**AIM OF THE EXERCISE:**
Omitting all images, transcribe the listing word for word.

━━━ DATA SEGMENT ━━━

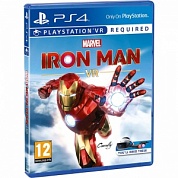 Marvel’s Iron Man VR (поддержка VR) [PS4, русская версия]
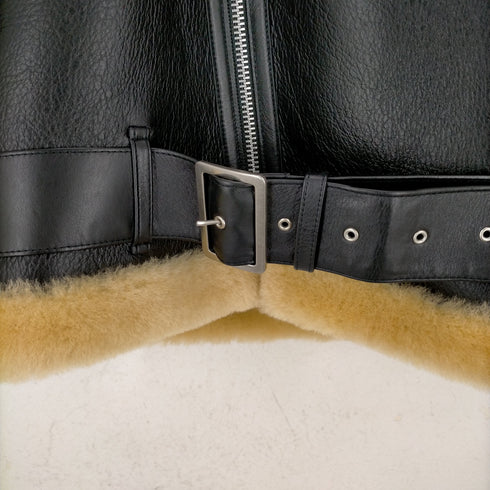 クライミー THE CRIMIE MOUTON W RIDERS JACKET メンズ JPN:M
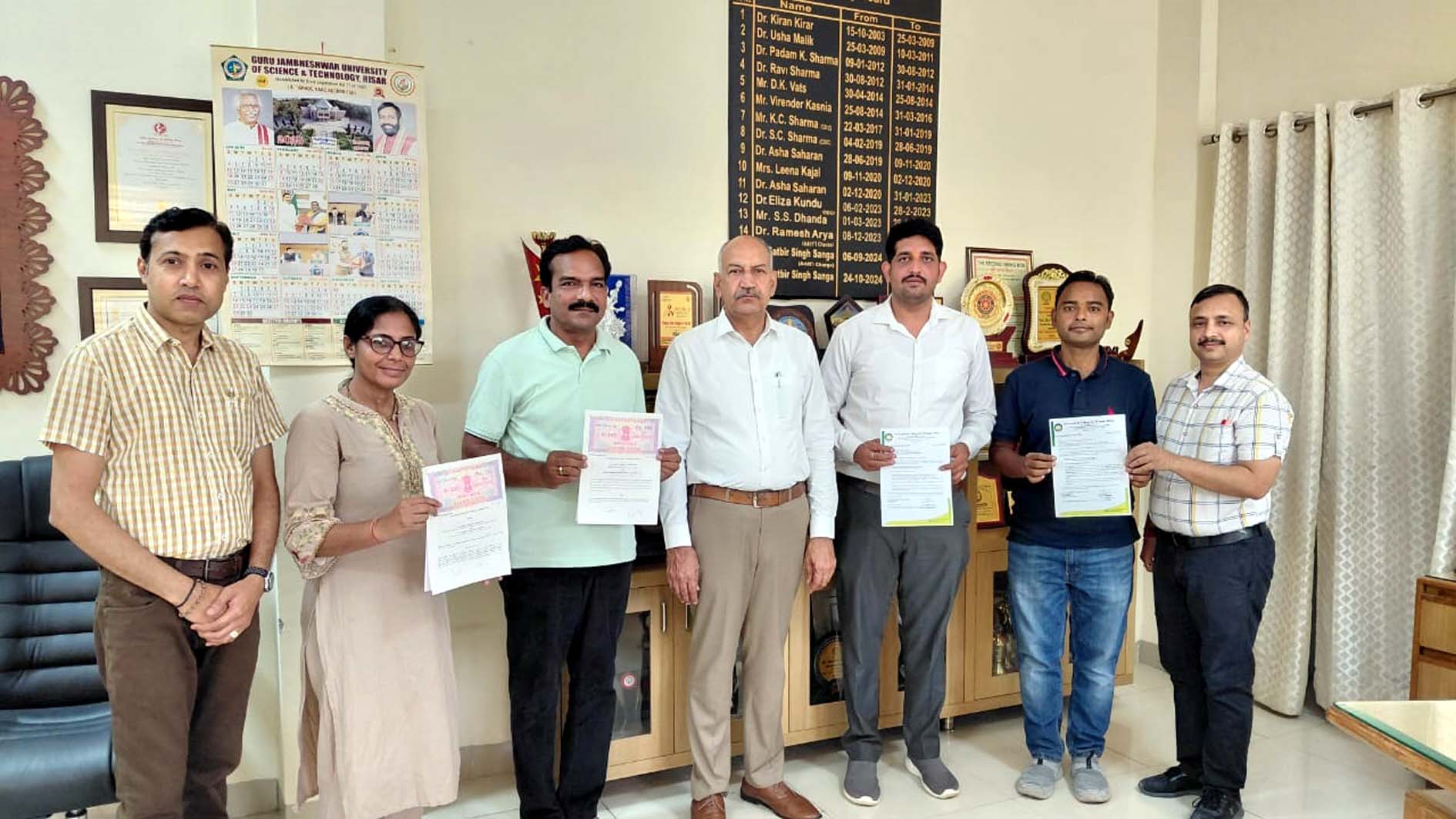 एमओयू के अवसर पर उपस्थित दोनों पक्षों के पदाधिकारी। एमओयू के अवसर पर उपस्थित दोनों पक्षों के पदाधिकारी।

━━━

**EXERCISE RESULT:**
 Marvel’s Iron Man VR (поддержка VR) [PS4, русская версия]
 クライミー THE CRIMIE MOUTON W RIDERS JACKET メンズ JPN:M
 एमओयू के अवसर पर उपस्थित दोनों पक्षों के पदाधिकारी। एमओयू के अवसर पर उपस्थित दोनों पक्षों के पदाधिकारी।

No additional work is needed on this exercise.